In the schools, it would be good to highlight on this day the history of the human knowledge, and the facts on our position in the universe. Scientific institutions should certainly take a day off, and governments should allow their personnel to attend to Galileo day celebrations. Post Scriptum:
Definition of Galileo Day
The 29th of February. A day of wonder about the beauty of the universe around us. A day of recognition of the benefits of science and of the scientific method. Finally, a day to honor the individuals who stand up for what they know is true.
Call it a day
Leap Day would be a logical name, as it is already in use. However, does it speak sufficiently to the imagination? Galileo Day seems rich with images and meaning (like Columbus Day).
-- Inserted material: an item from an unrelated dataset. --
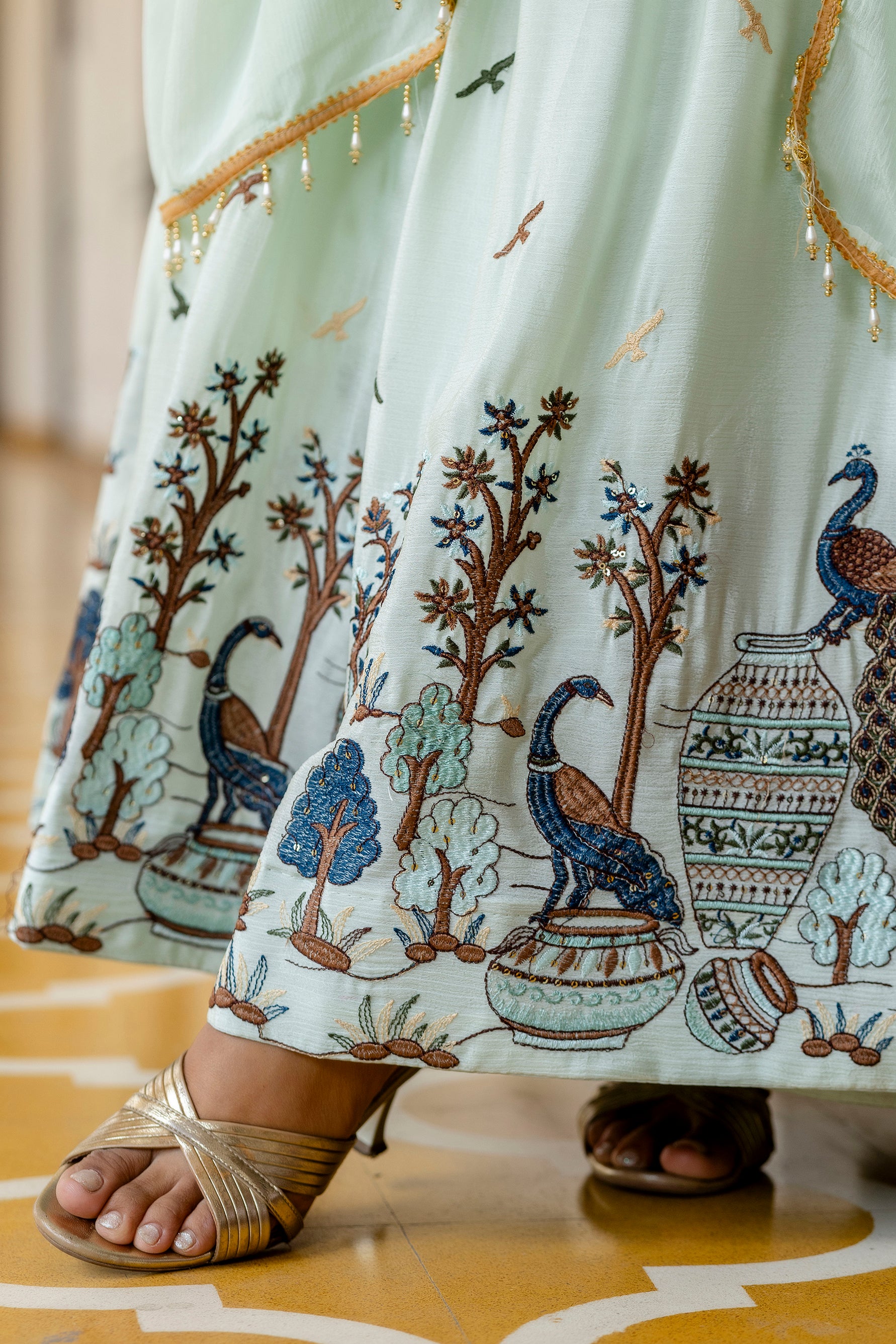 Mint Green Printed Anarkali Gown with Dupatta | Designer Festive Ethnic Wear | Premium Party Wear Dress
However, Galileo is very much part of the Western heritage, and the meaning of this name might be lost beyond the people educated in the fine print of European history. Earth Moves Day is nice, but could be confused with Earth Day, held on the spring equinox or the 22nd of April. Another option would be to allude to the centripetal force that holds us in place, and go for Rodaytion.
For now, as one of the editors has just finished a divine pasta dinner accompanied by a superb Italian wine, Galileo Day is the favorite. However, we are open to support another name, depending on the quality of the associated food and drinks.